Daniel had been brilliant. He had organised this route through the mountains, an adventure as much for him and his mates as it was for us. With all our doubts about the Bundi Track, it really did feel like we were heading into the unknown. Emmanuel had not made it through, which was a problem because Sam and Robin had planned to return to Madang with him in his truck, while Claudio and I carried on with the bikes.
We’d made contact with Emmanuel through Nancy Sullivan, a woman we’d been in touch with before we left London. An artist from New York, Nancy came out to PNG after the stock market crash in 1987. She runs a private consultancy working in what she calls ‘applied anthropology’, which basically means she teaches New Guineans to study their own people, instead of someone coming in from England or America to do it. Nancy was a mine of information on what we might accomplish here in Papua.
Anyway, the pertinent factor right then was the road. Emmanuel had only got as far as a village on the other side of the mountains and Sam and Robin had no alternative but to go back the way we had come - all the way to Goroka - then take another route that skirted the eastern highlands to the Lae/Madang highway. It was agreed that we’d meet up again at Bundi Junction and hopefully by then we would have come across Emmanuel.
After the short ride the previous afternoon I was really up for it. This should be an amazing day. It would also be our last day on motorbikes for a while and I was determined to make the most of it. I had a feeling it would be tough, but I had faith in my ability and in Claudio’s too. He was his usual phlegmatic self, of course - if he fell off, he fell off, and whatever hazards and obstacles we faced, we faced. But then this was the guy who had spent six months secretly filming across the border.
Leaving the lodge, we re-crossed the bridge over the creek and pulled wheelies all the way down an overgrown airstrip. We had to negotiate a series of steep climbs and descents. The going was slow, the track really narrow and very rocky to begin with, lots of big stones and loose shale, easy to get a puncture or even buckle a wheel rim.

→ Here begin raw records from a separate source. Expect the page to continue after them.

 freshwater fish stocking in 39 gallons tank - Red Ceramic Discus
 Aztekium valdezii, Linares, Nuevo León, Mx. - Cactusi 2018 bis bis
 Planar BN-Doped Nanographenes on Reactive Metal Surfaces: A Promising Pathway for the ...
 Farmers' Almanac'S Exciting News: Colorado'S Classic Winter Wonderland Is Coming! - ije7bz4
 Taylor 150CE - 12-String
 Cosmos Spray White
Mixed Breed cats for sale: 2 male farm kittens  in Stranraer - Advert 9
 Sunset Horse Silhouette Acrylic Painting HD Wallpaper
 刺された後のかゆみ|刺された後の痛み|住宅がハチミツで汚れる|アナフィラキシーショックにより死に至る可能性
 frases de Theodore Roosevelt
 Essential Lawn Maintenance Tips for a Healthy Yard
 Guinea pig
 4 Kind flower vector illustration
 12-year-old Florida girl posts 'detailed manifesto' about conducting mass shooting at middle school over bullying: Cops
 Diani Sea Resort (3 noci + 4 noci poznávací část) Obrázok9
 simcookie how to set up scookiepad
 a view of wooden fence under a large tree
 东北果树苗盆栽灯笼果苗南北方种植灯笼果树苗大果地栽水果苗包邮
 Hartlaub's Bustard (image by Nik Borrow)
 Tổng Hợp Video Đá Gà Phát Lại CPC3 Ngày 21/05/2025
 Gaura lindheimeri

Gradually, though, the terrain changed, and the big rocks were replaced by soft, sandy mud and potholes. We climbed out of the jungle briefly and rounding a sharp bend skidded to a halt. The road ahead was blocked by a pile of tree branches. Five barefoot men with machetes stood in front of it, their ringleader a little bearded guy in a cap. He scowled at us, shifting the machete from one hand to the other. According to Daniel, these were local villagers, paid by the government to keep the road clear and open. Apparently they also liked to create roadblocks, stopping cars to demand money from the occupants. Last night Betty had told us that every time she goes down to Goroka she gets hit for anything between 6 and 150 kina.
These guys wanted $50 to let us through. ‘We fix the road,’ the bearded guy kept saying, ‘we fix the road.’
‘Wait a minute,’ I surprised myself by piping up right away. ‘When did you fix the road . . . today?’
He nodded.
‘Where? Where did you fix it?’
He gestured across the valley with his machete.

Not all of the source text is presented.